■ BRIEF
Reproduce exactly the lines of the material beneath, from the line that contains "GG Marmont Red" to the line that contains "In Bloom by", both included, and no other lines.

■ THE RECORDS
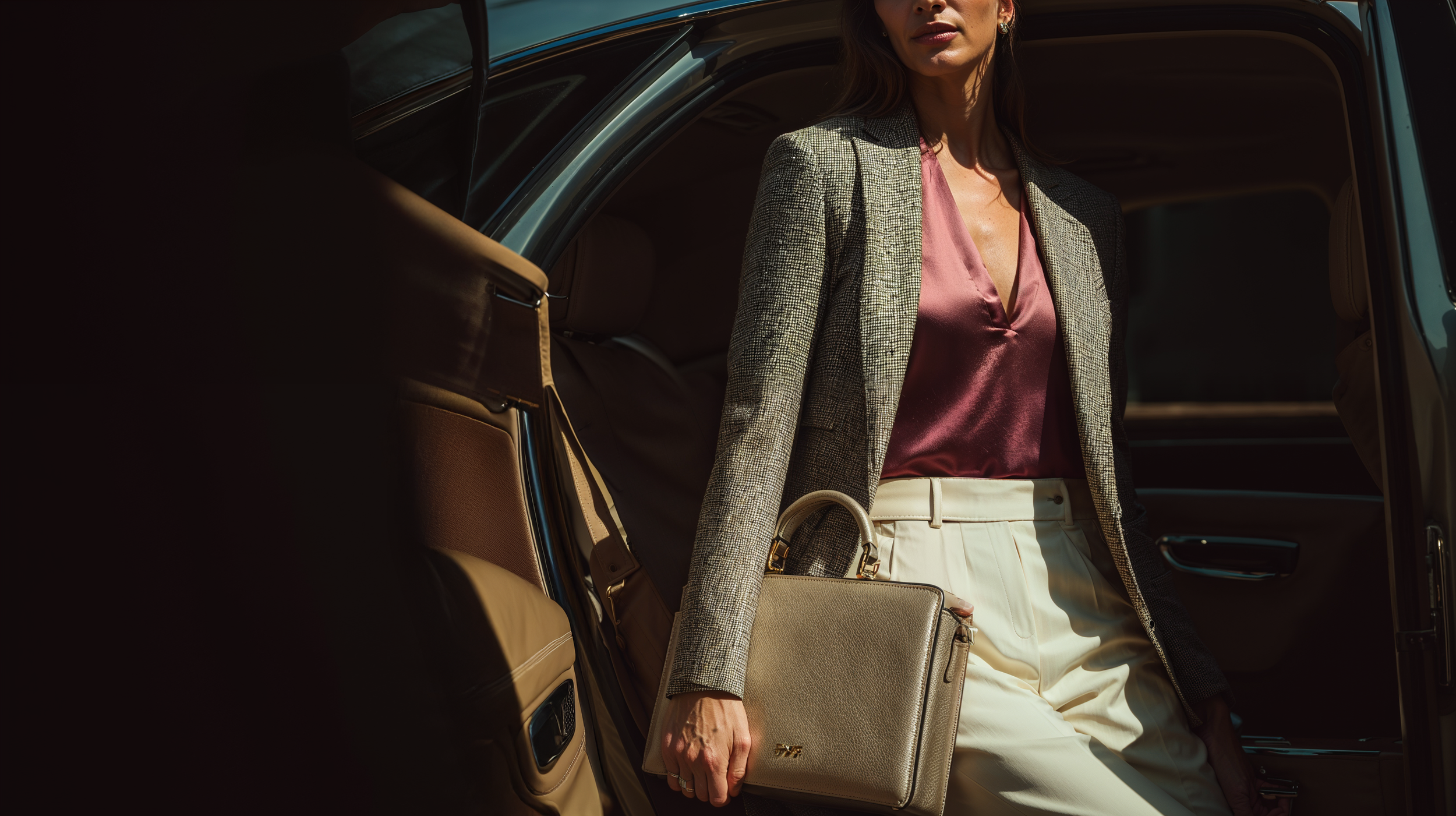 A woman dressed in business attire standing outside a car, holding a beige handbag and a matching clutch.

* * *

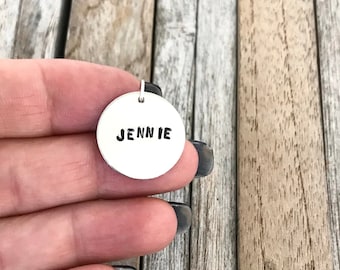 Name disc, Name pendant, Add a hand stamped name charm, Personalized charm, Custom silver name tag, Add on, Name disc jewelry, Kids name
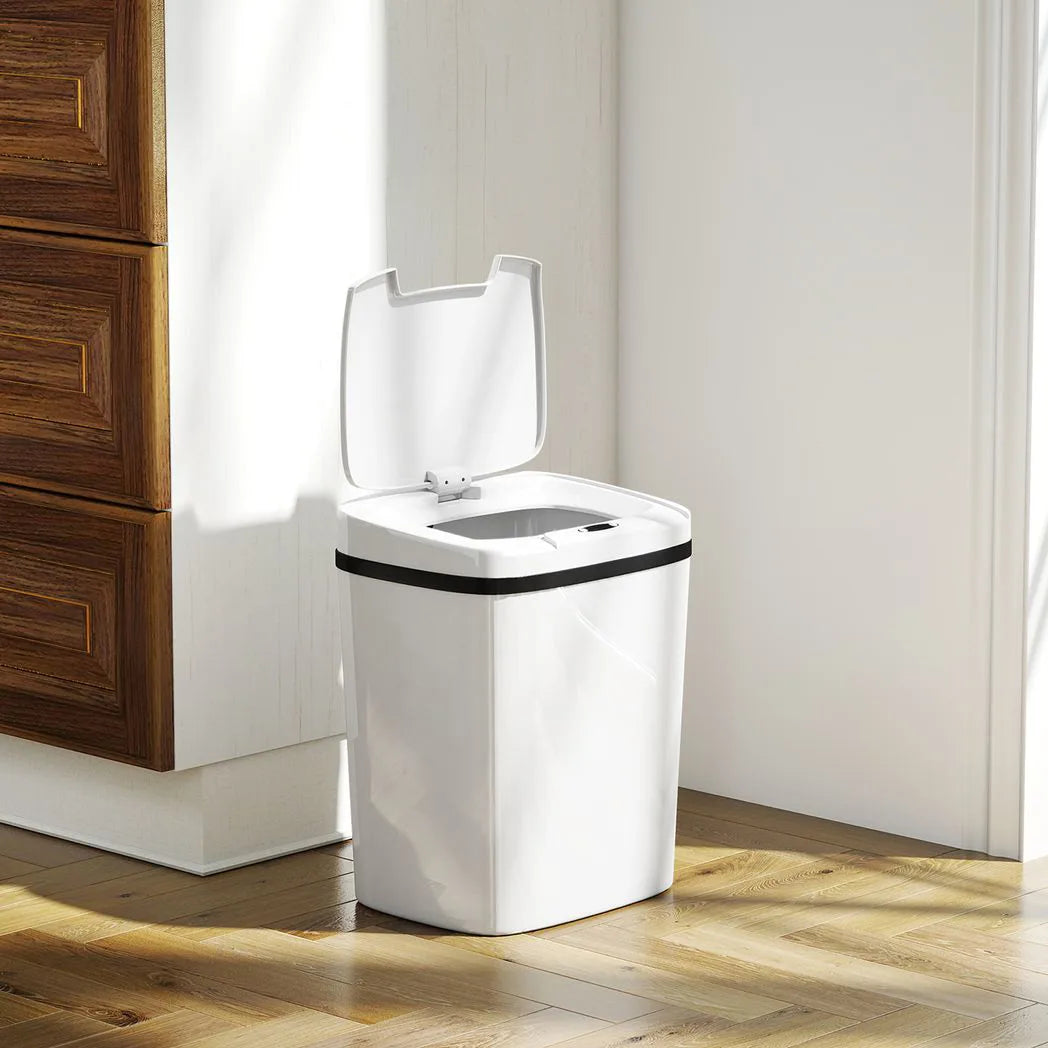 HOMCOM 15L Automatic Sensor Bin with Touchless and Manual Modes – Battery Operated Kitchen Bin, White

--

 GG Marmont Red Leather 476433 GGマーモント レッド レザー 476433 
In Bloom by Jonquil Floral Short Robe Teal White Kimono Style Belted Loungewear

■ COMPLETED TASK
 GG Marmont Red Leather 476433 GGマーモント レッド レザー 476433 
In Bloom by Jonquil Floral Short Robe Teal White Kimono Style Belted Loungewear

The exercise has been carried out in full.